Juan Carlos Trujillo

Personal information
- Born: July 17, 1985 (age 40) Los Angeles, California, U.S.

Sport
- Sport: Athletics (Distance running)
- Event(s): Marathon, 10,000 metres, Half Marathon, Cross Country
- College team: Oregon Ducks

= Carlos Trujillo (athlete) =

Juan Carlos Trujillo (born July 17, 1985) is an IAAF distance runner who has represented both the US and Guatemala on the international athletics stage. Trujillo has Guatemalan citizenship by descent and American citizenship by birth.

==National and international athletic competitions==

In August 2016, Trujillo represented Guatemala at the 2016 Summer Olympics in Rio de Janeiro, Brazil; he competed in the men's marathon placed 67th in a field of 155 athletes with a time of 2:20:24.

Trujillo also competed in the 2016 and 2012 USATF Olympic Marathon Trials in Los Angeles, CA, and Houston, TX, respectively; he competed in the 2012 USA Track and Field Olympic Trials in the 10K in Eugene, OR.

In 2014, he ran 2:16: 40 at the Bank of America Chicago Marathon.

He competed in the marathon for the United States of America at the 2013 World Championships in Athletics; he finished 36th.

At the 2013 Fukuoka Marathon in Fukuoka, JPN, he placed 11th.

In 2012, he ran 2:14: 21 at the Bank of America Chicago Marathon.

In 2011, he won the Rock 'n' Roll Seattle Half Marathon.

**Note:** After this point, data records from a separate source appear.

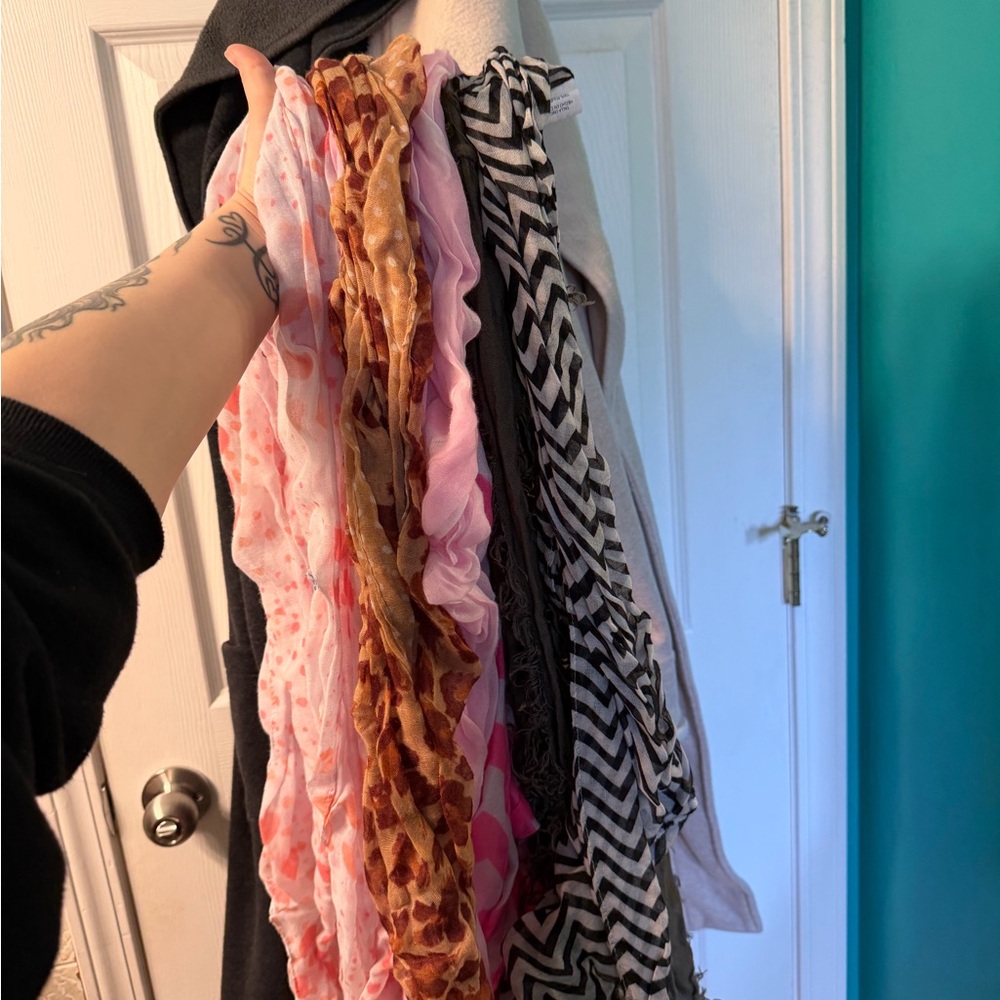 Colorful Patterned Scarves Collection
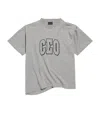 Balenciaga Ceo Asymmetrical Crewneck T-shirt In Gray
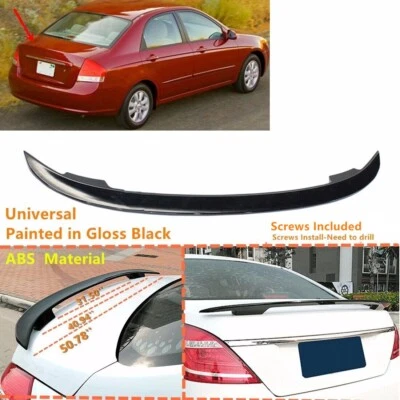 Fit For 2007-2009 Kia Spectra Rear Trunk Spoiler Wing Gloss Black 51'' Universal Foto 1 de 4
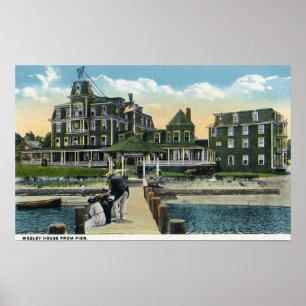 Martha's Vineyard, Pier Uitzicht van het Wesley Ho Poster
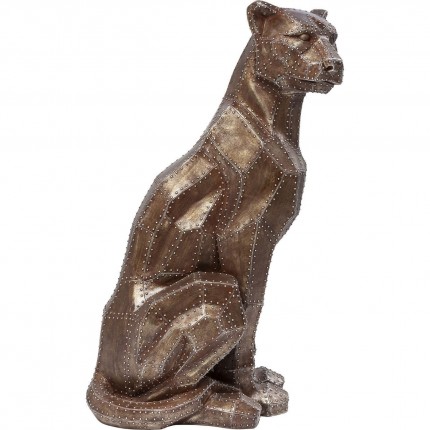 Déco Sitting Cat Rivet cuivrée Kare Design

In 2009, he was the alternate men's member of the US team at the Chiba Ekiden international marathon relay with Ian Burrell, Megan Armstrong (Peyton), Andrew Carlson, Jordan Horn, Jennifer Donovan, and Lindsey Allen—he went in place of alternate Bobby Curtis, who was injured, last minute.

==Collegiate career==

Trujillo was a Pac-10 Conference champion for the Oregon Ducks track and field team in the 10,000 metres. He also was a member of the national championship cross country team.

==Prep career==

Trujillo played both soccer and cross country in the fall and ran track and field in the spring in the Idaho High School Athletic Association, 3A division for Middleton High School, in Middleton, Idaho. He won 5 state titles in track and field, but was more focused on playing soccer.